### EXERCISE GOAL
Please tally the lines below that contain the word "Sleeve" and reply with the total alone.

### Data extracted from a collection
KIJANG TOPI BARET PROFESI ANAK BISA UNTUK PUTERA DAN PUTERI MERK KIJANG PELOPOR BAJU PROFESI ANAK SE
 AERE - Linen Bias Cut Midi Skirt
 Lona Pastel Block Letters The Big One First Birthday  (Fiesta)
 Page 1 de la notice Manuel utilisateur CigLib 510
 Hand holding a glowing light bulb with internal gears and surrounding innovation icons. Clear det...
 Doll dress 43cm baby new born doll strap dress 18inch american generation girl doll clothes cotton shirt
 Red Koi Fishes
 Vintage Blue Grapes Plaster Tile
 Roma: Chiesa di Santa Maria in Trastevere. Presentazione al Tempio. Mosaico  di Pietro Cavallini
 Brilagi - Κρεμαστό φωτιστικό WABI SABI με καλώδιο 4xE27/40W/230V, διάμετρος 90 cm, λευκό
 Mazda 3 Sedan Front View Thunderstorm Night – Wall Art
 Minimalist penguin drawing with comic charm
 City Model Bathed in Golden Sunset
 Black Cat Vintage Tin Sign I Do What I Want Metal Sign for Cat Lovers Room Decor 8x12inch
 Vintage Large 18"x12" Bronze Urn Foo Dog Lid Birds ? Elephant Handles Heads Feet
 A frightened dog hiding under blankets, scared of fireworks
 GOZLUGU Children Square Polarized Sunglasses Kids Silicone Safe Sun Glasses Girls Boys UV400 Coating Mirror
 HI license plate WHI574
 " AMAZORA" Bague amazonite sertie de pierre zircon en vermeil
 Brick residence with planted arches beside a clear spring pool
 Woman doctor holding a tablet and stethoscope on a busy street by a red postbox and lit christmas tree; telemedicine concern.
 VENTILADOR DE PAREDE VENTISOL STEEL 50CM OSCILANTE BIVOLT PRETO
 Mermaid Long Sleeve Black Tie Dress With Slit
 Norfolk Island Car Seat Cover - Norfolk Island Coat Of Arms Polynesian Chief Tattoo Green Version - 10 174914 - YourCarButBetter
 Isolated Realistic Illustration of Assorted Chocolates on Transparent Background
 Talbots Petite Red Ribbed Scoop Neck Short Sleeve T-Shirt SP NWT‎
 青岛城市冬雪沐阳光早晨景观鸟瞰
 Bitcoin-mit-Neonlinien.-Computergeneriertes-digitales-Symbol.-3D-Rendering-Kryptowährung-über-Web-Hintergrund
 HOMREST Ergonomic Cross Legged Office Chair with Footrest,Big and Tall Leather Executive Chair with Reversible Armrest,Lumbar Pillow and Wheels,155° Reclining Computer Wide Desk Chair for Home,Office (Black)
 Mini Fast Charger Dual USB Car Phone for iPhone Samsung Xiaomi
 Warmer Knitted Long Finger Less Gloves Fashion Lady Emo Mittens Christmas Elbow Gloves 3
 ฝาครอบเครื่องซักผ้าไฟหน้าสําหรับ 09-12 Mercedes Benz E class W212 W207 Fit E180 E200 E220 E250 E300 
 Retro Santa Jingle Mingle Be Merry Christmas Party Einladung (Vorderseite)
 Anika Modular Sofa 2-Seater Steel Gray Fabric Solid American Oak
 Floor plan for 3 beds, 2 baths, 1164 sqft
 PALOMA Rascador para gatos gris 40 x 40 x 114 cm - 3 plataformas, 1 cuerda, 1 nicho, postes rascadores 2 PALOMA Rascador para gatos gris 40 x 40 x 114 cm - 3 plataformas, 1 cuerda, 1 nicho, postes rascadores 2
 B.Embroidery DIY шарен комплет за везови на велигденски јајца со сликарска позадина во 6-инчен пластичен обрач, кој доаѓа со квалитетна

### ANSWER AREA
2